Imagine living in a rent-controlled affordable housing unit that you and your family have called home for years. One day, you come home to find a notice that your rent will soon double because a protection that safeguards low-income families is gone. Unfortunately, this scenario isn’t fictional but rather a growing reality for thousands of working-class Angelenos who rely on affordable housing.
Everyone knows the shortage of housing in Los Angeles is dire, and the cost of living has outpaced wage growth drastically. That’s why I fought hard to increase the living wage for hotel workers in 2014 and in 2015 authored legislation to raise the citywide minimum wage to $15 by 2020. But raising the minimum wage alone doesn’t address the skyrocketing housing costs consuming low-income workers.
Fact is, it’s nearly impossible to keep up with the demand to build enough housing in the region. We have a supply and demand issue on our hands, and we need to build housing—both affordable and market-rate. To alleviate some of the demand, Mayor Eric Garcetti has set a goal to build 150,000 new housing units by 2025.
Affordable housing is a key priority for the Ninth District because it is one of the most undeserved areas in the city. We have identified 10 locations throughout the district that will provide more than 500 affordable housing units over the course of the next few years. In the meantime, some immediate relief is on the way. Working together with developers and the Housing Department, we are on track to provide affordable homes to 160 low-income families this year alone.
However, it’s not as simple as pledging to build more affordable housing. As downtown and Hollywood build tens of thousands of new units, thousands of households who depend on affordable rent-control protections risk displacement from their current homes because many of these units could convert to market-rate rent.
The Ninth District has among the highest concentration of rent-restricted affordable housing units at 7,174. It’s also important to note that through 2020, nearly 900 affordable housing covenants are set to expire in Council District 9. We must find a way to save them or hundreds of our neighbors could lose their homes and end up living on the streets.
In the NEW 9th, we are receptive to innovative solutions to combat affordable housing challenges. As city leaders, it is our responsibility to consider all options, including a helping hand from a developer who wants to do well, and do good. Such is the case with The Reef development.

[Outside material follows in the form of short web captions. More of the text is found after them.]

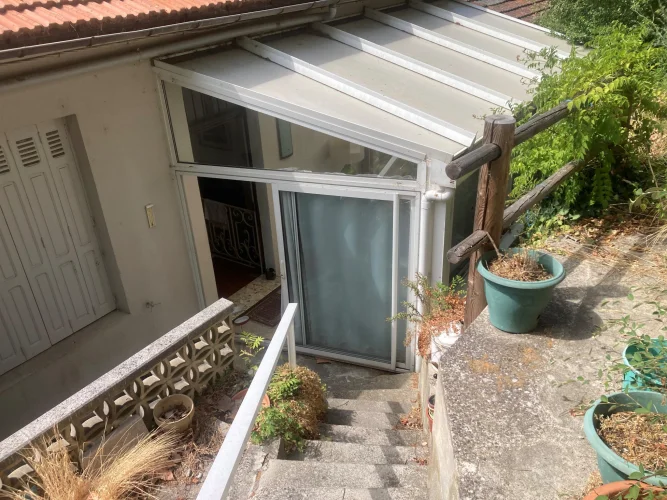 Upper Valley, 3-Bedroom House, Large Living Room, Terrace, Veranda photo 3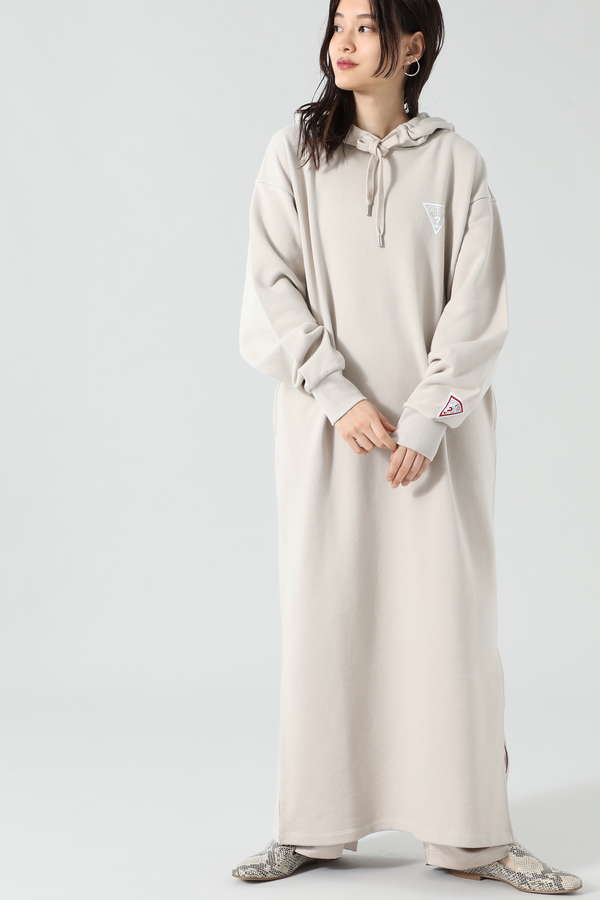 Guess Rose Bud別注 Guessスウェットワンピース ベージュ パープル 公式通販 レディースファッションのrose Bud Online Store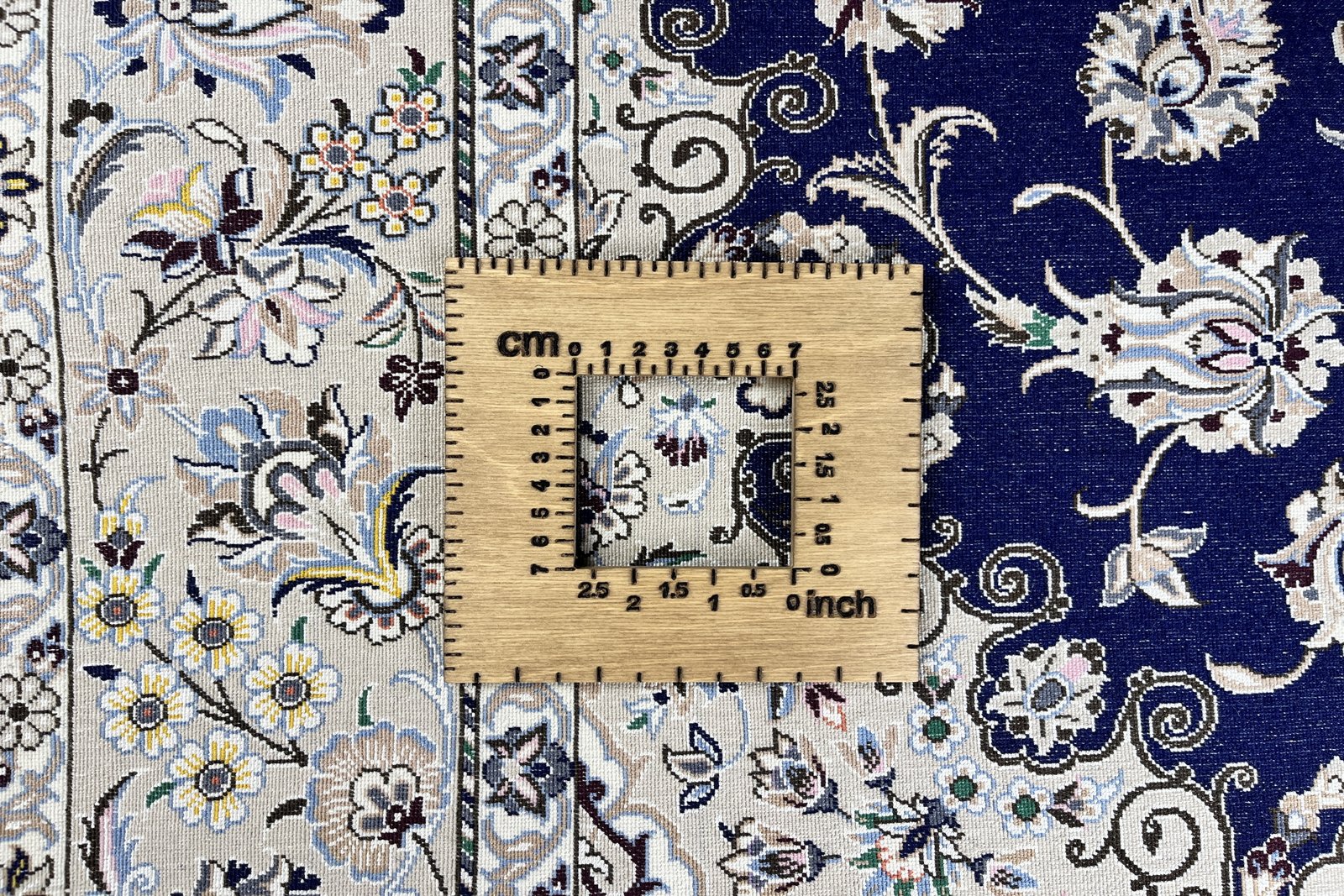 Nain 6La — Hand-knotted, 125x196 cm, Blue, 100% Virgin Wool | View 11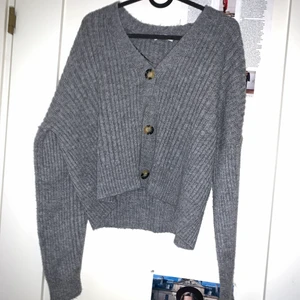 Kofta  - Stickad kofta. Köpt på plick. Köparen betalar frakten.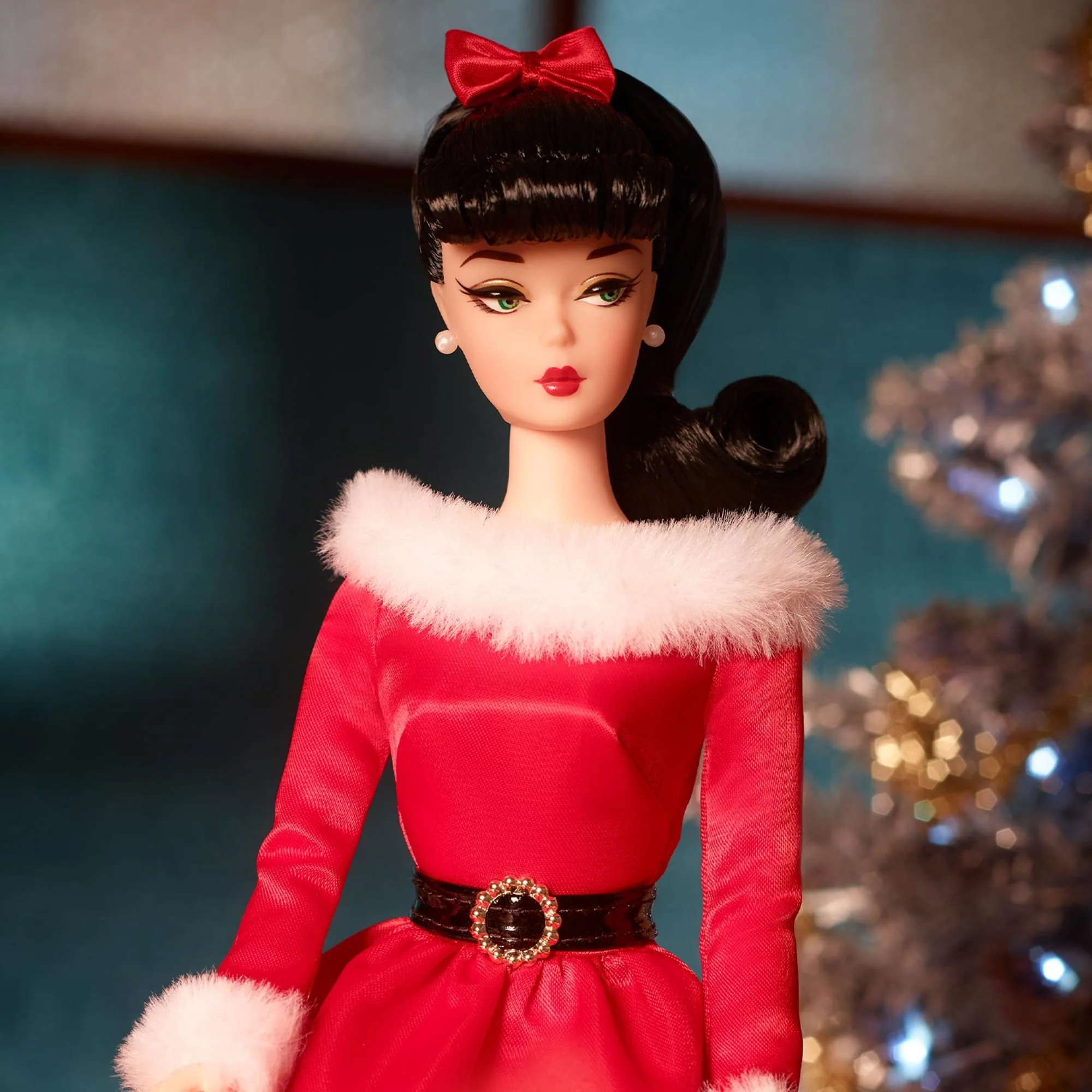 Barbie 12 Days of Christmas Doll and Accessories - Image 3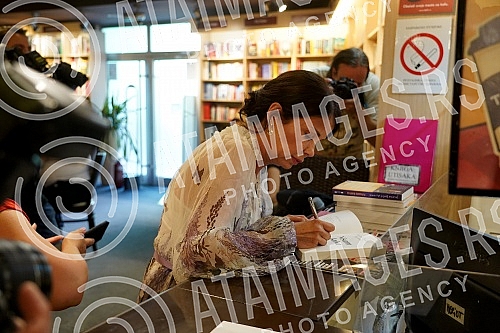 On the day of the start of the sale of the new novel 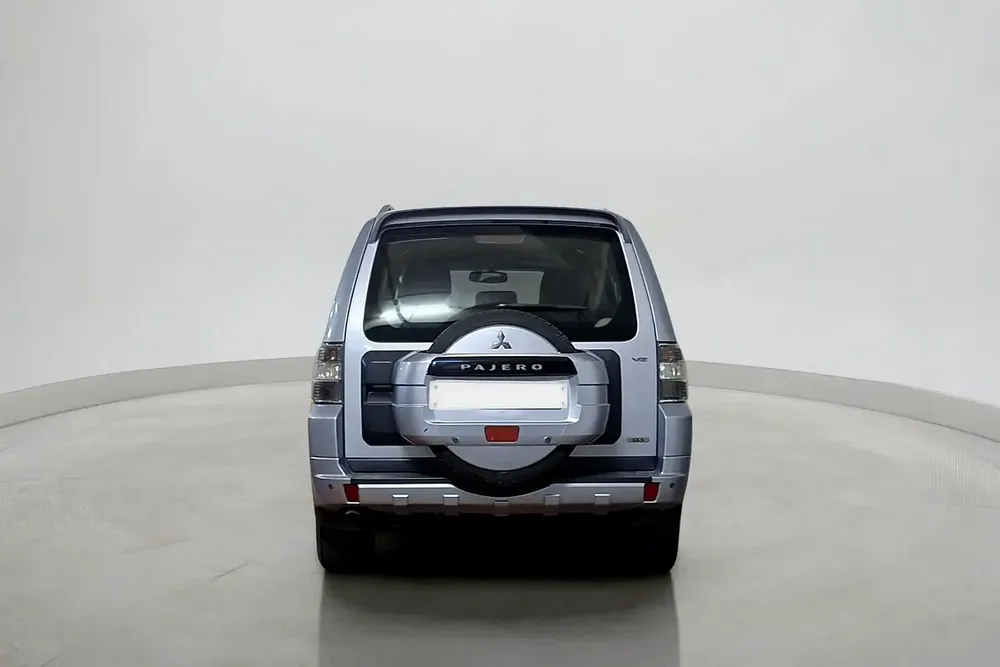 2010 Mitsubishi Pajero Gls 3.5L | GCC Specifications - Image 4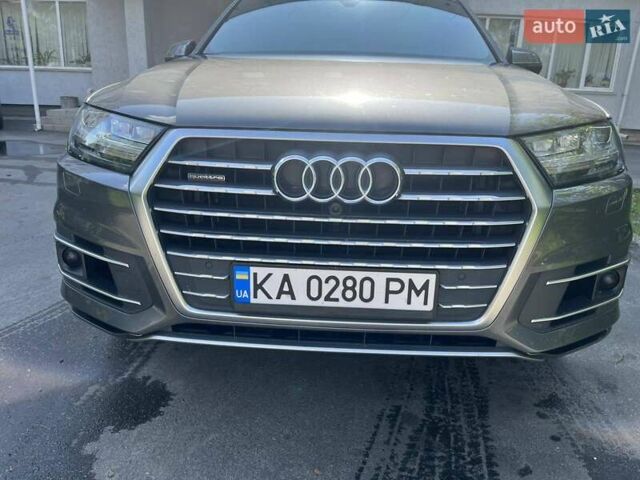 Серый Ауди Ку 7, объемом двигателя 3 л и пробегом 88 тыс. км за 39800 $, фото 1 на Automoto.ua
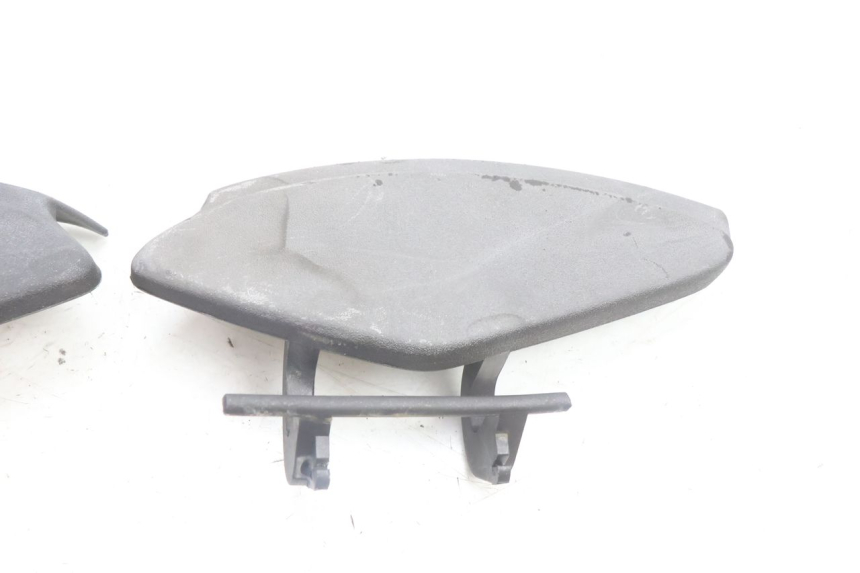 photo de FRONT INSPECTION COVER PIAGGIO X9 AMALFI 180 (2000 - 2003) - Zoom on usage condition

The Reef proposes to redevelop two empty parking lots along Washington Boulevard and Broadway Avenue into a place where residents can live, work and play. It will provide more than 1,400 residential units, a 208-room hotel, a full-service grocery store, restaurants and retail; and thousands of bike racks, showers and lockers—which would be available to the public—right next to the Blue Line. This is in line with the citywide efforts to increase the percentage of Transit-Oriented Development and ensure that at least 65 percent of new housing in the city is built next to mass transit by 2035.
The Reef offers a unique opportunity to help our community. First of all, the project will create more than 3,300 good-paying jobs, with a 30 percent local hiring agreement. I have also demanded that the developer provide significant job-training and placement to our local community so that our families, friends and neighbors can be ready to fill these new positions.
As a part of a wide-ranging community benefits package that includes job training, after-school programming, and youth sports, The Reef has also pledged millions of dollars to go toward extending soon-to-expire affordable housing covenants in the Ninth District. That money could also help finance the construction of future affordable housing stock the City so desperately needs, including some of the existing sites that I mentioned here.
We have all seen the numerous cranes dotting the LA skyline and know that development is happening at a near-record pace. But we can’t simply build our way out of this crisis. While we must continue to encourage development of new housing units, we must also make it a priority to preserve existing affordable units.
As a community and as a city, we need new ideas, creative and shovel-ready solutions that will help ensure that as investments are made, or as new developments occur, communities like South LA stand to gain and reap the benefits it so desperately needs.